When Crafty was born we thought, what's good for the goose and all that, so we gave her a Soos too. She choked and gagged and sputtered in the dramatic fashion that is now her trademark. No Soos for Crafty. She became a finger sucker instead.
Then when wee Mischief came along we decided to try the Soos again. It worked as long as we held it in his mouth but as soon as we left him alone his sneaky thumb would wheedle its way into his mouth and pop the Soos out. Eventually we gave up our efforts with the Soos and gave into the cuteness that was our wee thumb sucker.
Fast forward six years and the thumb sucking is losing its cute-factor.
We have tried all sorts of stuff over the last year to get him to stop with the thumb sucking. We didn't really concern ourselves with it before he started school. We thought since Crafty quit the finger sucking once she realised that other kids don't really do that sort of thing that Mischief would follow suit but he doesn't care. Either he has supreme confidence or no shame (or a mixture of both) because he does not care who sees him suck his thumb. He gets himself up and dressed all cool and dude-like every morning, struts his way into the school, sits down for carpet time with his pals and sucks his thumb. ARG!

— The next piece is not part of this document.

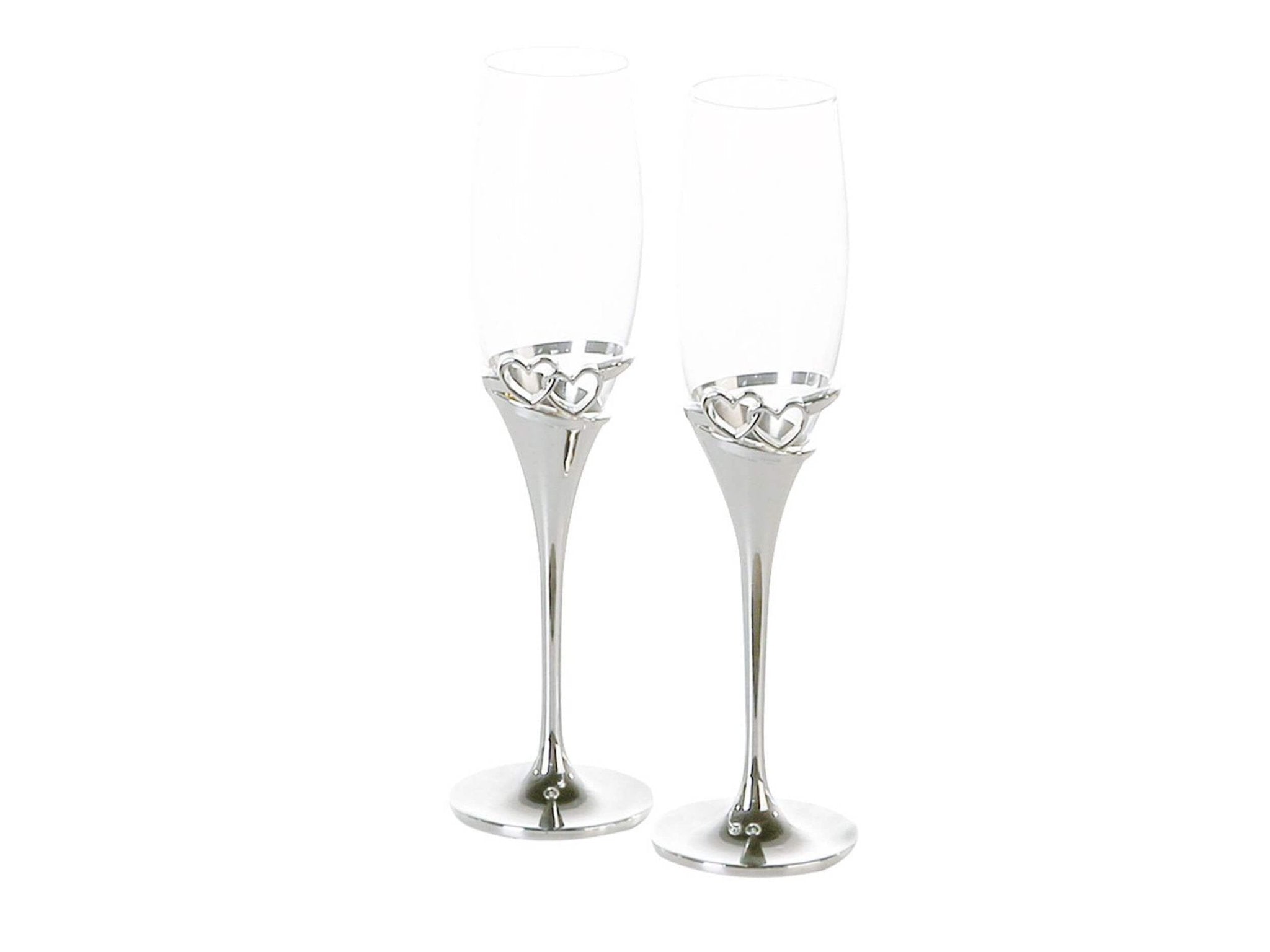 Champagneglazen huwelijk - Zilver | Hearts | H. 27 cm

On Monday we had him at the dentist. My pal is a dental assistant for the dentist the kids see so before Mischief went in I told her to really put the pressure on about the thumb sucking. She did and so did the dentist. Mischief promised them that he would quit sucking his thumb by his next dental appointment. I was elated until we were on our way out to the van and he asked if I could wait a couple of years before I scheduled the next appointment because he wasn't ready to quit yet.
That night when I put him to bed we stuck a band aid on his sucking thumb and told him to sleep with his hand under his pillow. He said he would give it a try because he didn't want 'donkey teeth' when he was a teenager. Whatever the motivation, I was glad to see him try.

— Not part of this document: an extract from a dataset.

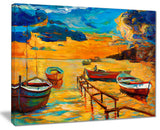 "Boats in Beautiful Sea" Canvas Print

The following morning I found him sitting at the kitchen table, his head on the table, looking miserable. I asked him what was wrong and he held up the discarded band aid and moan that he is for sure going to have donkey teeth.
"What happened to our plan, Buddy?"
"I couldn't do it. The band aid was strangling my thumb so I took it off and then my thumb sneaked into my mouth! I couldn't make it stop. I'm miserable!"
Poor guy, life is rough when you have a sneaky thumb. Anyone know of a 12 step program for thumb suckers?